[Dataset extract Boundary: Start]

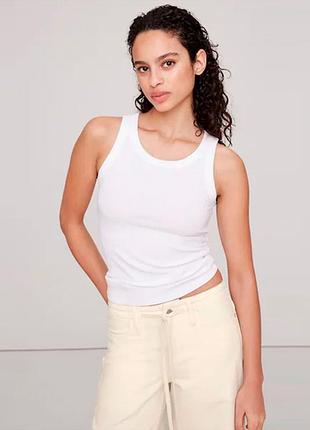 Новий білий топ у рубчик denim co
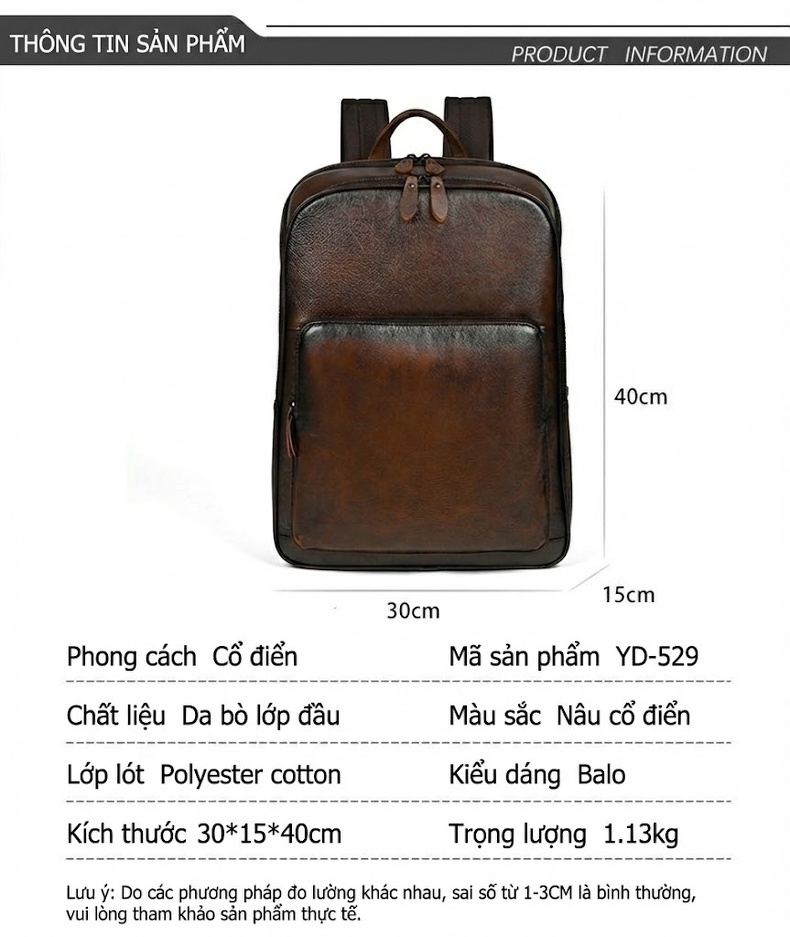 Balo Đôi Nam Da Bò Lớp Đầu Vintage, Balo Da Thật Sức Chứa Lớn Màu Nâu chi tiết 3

[Dataset extract Boundary: End]
[Dataset extract Boundary: Start]

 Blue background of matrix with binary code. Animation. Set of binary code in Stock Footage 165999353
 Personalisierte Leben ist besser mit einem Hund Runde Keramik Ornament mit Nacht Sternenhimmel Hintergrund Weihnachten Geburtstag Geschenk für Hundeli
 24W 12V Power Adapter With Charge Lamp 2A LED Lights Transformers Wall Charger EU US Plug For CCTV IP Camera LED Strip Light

[Dataset extract Boundary: End]

→ Work item
Set down again, word for word, every line from the one with "Новий білий топ у рубчик denim co" to the one with "Balo Đôi Nam" in the entries above, and omit the pictures.

→ Final answer
 Новий білий топ у рубчик denim co
 Balo Đôi Nam Da Bò Lớp Đầu Vintage, Balo Da Thật Sức Chứa Lớn Màu Nâu chi tiết 3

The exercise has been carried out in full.